Aluno da modernista Tarsila do Amaral (1886-1973), amigo e colaborador de dois dos maiores artistas neoconcretos, Hércules Barsotti (1914-2010) e Willys de Castro (1926-1988), o pintor Tuneu ganha, aos 73 anos, um livro sobre sua obra, Tuneu – Trajetória (Editora Via Impressa, R$ 229,90), patrocinado pela Galeria Raquel Arnaud, que será lançado no dia 27 de agosto. Projeto editorial da crítica Denise Mattar, o livro, de autoria de Caroline Menezes, traz ensaios das duas curadoras, além de textos de Fábio Magalhães, Guilherme Werneck e Raquel Arnaud, sua marchand. Trata-se de um denso volume que cobre mais de meio século de carreira do paulistano Tuneu (Antonio Carlos Rodrigues). Tuneu começou cedo – teve aulas com Tarsila ainda adolescente – e, aos 19 anos, já participava da Bienal de São Paulo.
A curadora Caroline Menezes chama a atenção para o encontro com a pintora modernista, que não se deu entre telas de intensidade cromática, como era de se esperar entre dois coloristas, mas diante de um quadro negro. Nele, Tuneu, aos 12 anos, desenhou uma cena de feira e encantou Tarsila, que conheceu por intermédio de Afonso, sobrinho-neto da pintora. Dos 13 em diante teve aulas com a autora da mais cara pintura brasileira moderna, Abaporu, frequentando sua casa durante 12 anos, até a morte da pintora, em 1973, aos 86 anos (Tuneu tinha, então, 25).
No livro, o pintor conta à curadora que o ponto de partida de sua carreira foi uma série de pequenos desenhos abstratos feita em 1966, ano de sua primeira individual no mítico João Sebastião Bar, onde a bossa nova ditava as regras. Um ano depois, entrou na Bienal de São Paulo como o mais jovem artista da histórica edição de 1967, que trouxe ao Brasil o que havia de mais relevante na arte pop norte-americana (Andy Warhol, Jasper Johns, Lichtenstein e Rauschenberg).
A referência pop – e ele era amigo de Wesley Duke Lee – não foi suficientemente forte para Tuneu migrar para esse universo.
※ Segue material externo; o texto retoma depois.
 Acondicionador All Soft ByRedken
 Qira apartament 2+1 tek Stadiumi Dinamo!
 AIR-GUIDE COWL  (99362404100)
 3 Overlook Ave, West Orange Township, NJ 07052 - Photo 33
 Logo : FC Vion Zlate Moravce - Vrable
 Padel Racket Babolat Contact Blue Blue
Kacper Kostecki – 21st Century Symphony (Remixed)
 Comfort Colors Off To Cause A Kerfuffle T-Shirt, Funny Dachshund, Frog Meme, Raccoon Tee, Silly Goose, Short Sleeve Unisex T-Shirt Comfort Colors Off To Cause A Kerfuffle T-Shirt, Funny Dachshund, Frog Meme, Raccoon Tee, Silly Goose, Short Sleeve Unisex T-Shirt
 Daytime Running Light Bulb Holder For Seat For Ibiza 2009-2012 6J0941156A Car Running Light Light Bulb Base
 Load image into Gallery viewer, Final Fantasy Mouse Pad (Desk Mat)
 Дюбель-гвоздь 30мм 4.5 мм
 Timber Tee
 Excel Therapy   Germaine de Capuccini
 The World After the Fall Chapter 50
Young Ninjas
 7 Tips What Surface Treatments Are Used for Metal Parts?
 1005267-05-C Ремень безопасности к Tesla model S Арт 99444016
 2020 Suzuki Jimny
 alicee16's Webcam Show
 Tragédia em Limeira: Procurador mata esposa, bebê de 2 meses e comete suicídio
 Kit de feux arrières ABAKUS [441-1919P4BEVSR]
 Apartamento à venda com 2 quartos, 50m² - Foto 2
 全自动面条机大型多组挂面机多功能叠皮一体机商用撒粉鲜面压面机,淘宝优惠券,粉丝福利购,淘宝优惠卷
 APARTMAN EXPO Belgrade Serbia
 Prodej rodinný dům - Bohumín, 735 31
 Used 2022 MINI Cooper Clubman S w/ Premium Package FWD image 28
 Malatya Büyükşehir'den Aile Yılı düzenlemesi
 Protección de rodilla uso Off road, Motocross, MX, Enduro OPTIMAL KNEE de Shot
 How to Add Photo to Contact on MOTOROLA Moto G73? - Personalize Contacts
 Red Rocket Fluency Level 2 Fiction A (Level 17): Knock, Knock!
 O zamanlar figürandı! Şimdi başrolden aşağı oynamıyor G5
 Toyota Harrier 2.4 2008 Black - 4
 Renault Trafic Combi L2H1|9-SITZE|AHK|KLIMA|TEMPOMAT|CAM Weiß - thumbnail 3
Ele participaria, até 1971, de três bienais. Entre 1968 e 1969, segundo Caroline Menezes, ele começou a depurar seu trabalho. “O seu gestual, tão único, se dissipou e ele revelou uma obra geométrica, mais rígida e de cores sóbrias”, observa a curadora. De qualquer forma, não se sentia particularmente envolvido por questões levantadas pelos concretistas – pelo menos na época, antes de conhecer Barsotti e Willys e trabalhar com eles por um curto período nos anos 1980.
Inicialmente, segundo a análise do crítico Fábio Magalhães no livro, “Tuneu desenvolveu uma geometria despreocupada com o rigor geométrico ou com a precisão formal”, mas deu atenção à cor e à composição. O que o pintor sempre perseguiu, segundo ele, foi a síntese, trabalhando com elementos que considerava “essenciais”. Mas sua obra, conclui Magalhães, não se acomodou. A curadora Denise Mattar concorda, fornecendo como exemplo sua recente mostra Hexacordo (2017), em que as formas hexagonais, segundo ela, encerram um ciclo para que a mostra seguinte, Colmeia (2019), abrisse novas possibilidades.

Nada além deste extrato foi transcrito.